Pour le meilleur et pour le pire
Ces deux décisions ont fait couler beaucoup d’encre. Le 2 septembre, alors la décision finale du SFT n’est pas encore connue, une pétition de la Global Coalition for Tech Justice appelait à l’instauration "de nouvelles règles de transparence et de responsabilité pour les grandes entreprises technologiques, partout où elles offrent des services et influencent notre capacité à jouir de la démocratie et des droits de l'homme". Les (nombreux) signataires, associations et personnes physiques, s’inquiètent de ce que l’absence de responsabilité de ces géants de la tech favorise la désinformation, les discours de haine ou encore le harcèlement, particulièrement en cette année émaillée d’échéances électorales de premier plan.
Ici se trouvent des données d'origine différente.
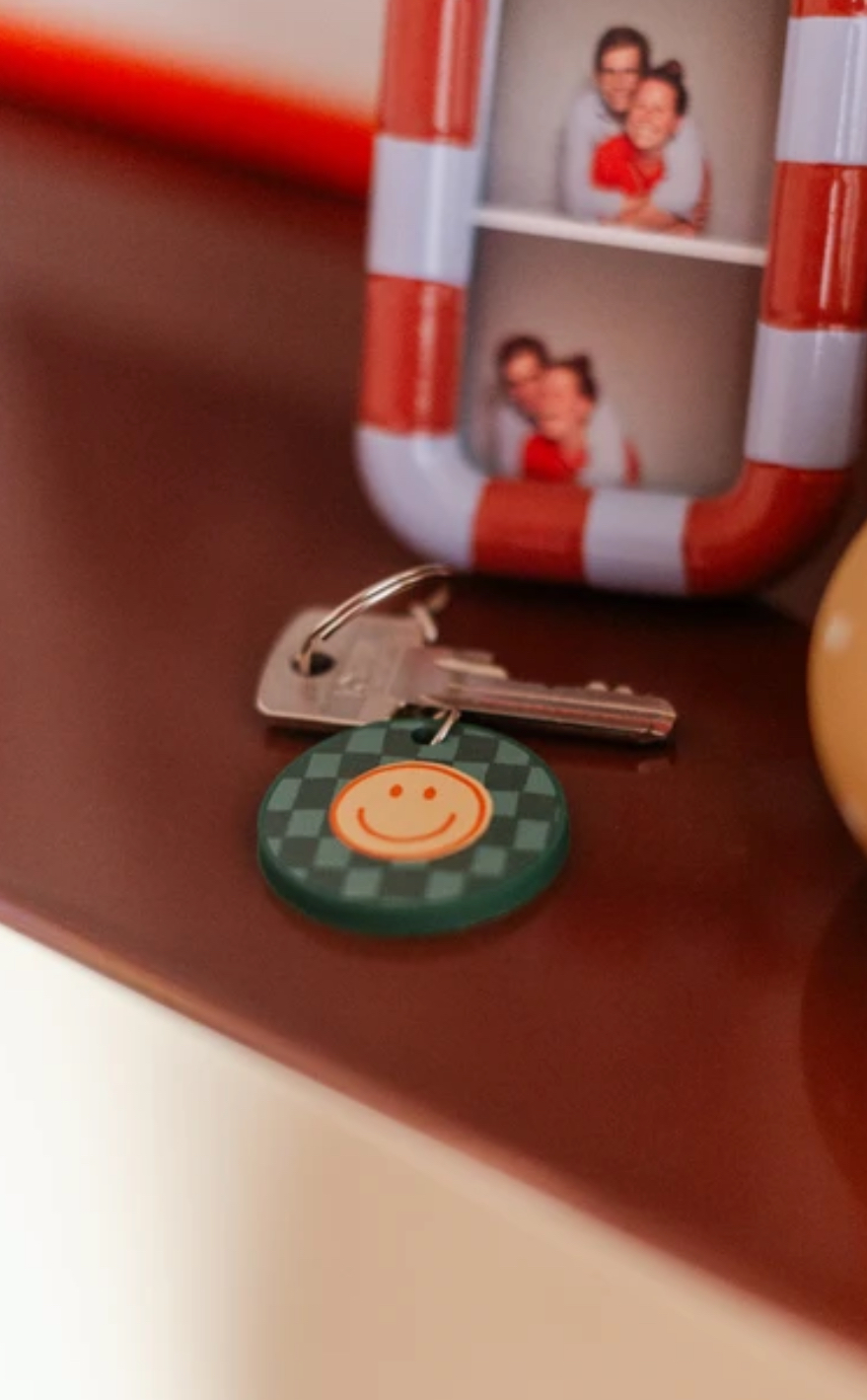 Sleutelhanger SMILEY ruit. Groen-geel-oranje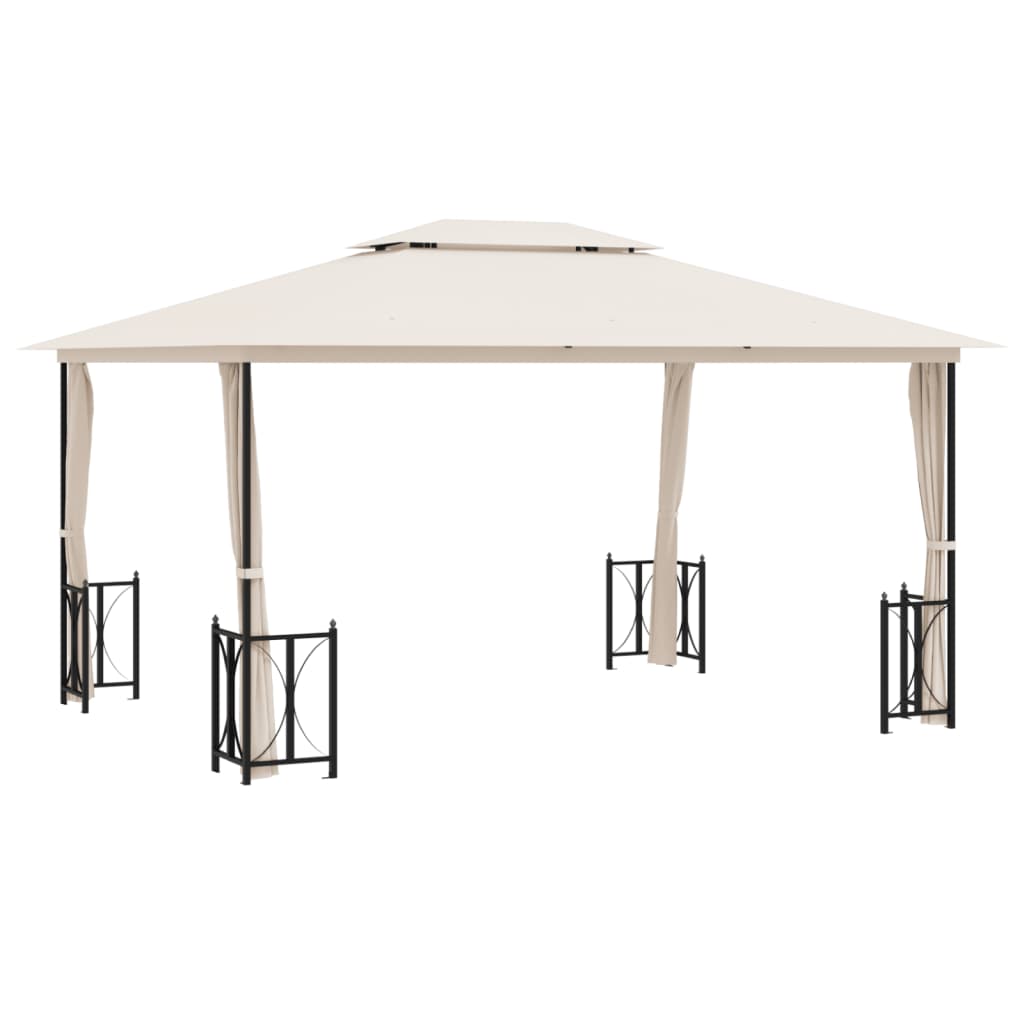 Vidaxl Gazebo With Curtains And Two-Part Roof, 3X4 M, Cream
Dans une tribune publiée sur Le Monde, la sociologue Françoise Daucé remarque pour sa part que la création de Telegram visait originellement à offrir une plateforme d’échange sécurisée pour les opposants au régime russe (Alexei Navalny, Novaïa Gazeta, Dojd, Meduza). "C’est l’un des derniers lieux du pluralisme médiatique et politique pour les opposants bannis de l’espace public et, désormais, depuis l’agression massive de l’Ukraine, majoritairement contraints à l’exil", explique-t-elle. Sauf que le revers de la médaille est bien moins reluisant puisqu’on "y trouve les réseaux de vente de drogues, d’armes, de prostitution, ainsi que les sites conspirationnistes les plus divers". Encore faut-il pour accéder à ces réseaux et contenus être soi-même trafiquant puisqu’il n’existe pas sur Telegram de système de recommandation, poursuit la sociologue. Et de conclure : "Cela signifie que l’application est un support pour des pratiques malveillantes qui lui préexistaient et qui lui survivront probablement."
Action réaction
À noter que depuis sa mise en examen, Pavel Durov a annoncé que son application a supprimé, à la suite d’une demande des autorités, des contenus pédopornographiques en Corée du Sud, où Telegram fait l’objet d’une enquête, accusé "d’‘encourager’ la diffusion de tels contenus pornographiques truqués, utilisant notamment des images de mineurs", rapporte Le Monde. Au lendemain de la confirmation du blocage d’X au Brésil, Elon Musk a quant à lui indiqué sur le compte X de Starlink se conformer "à l’ordonnance de bloquer l’accès à X au Brésil". Le gel des avoirs financiers de Starlink au Brésil n’est peut-être pas étranger à ce revirement.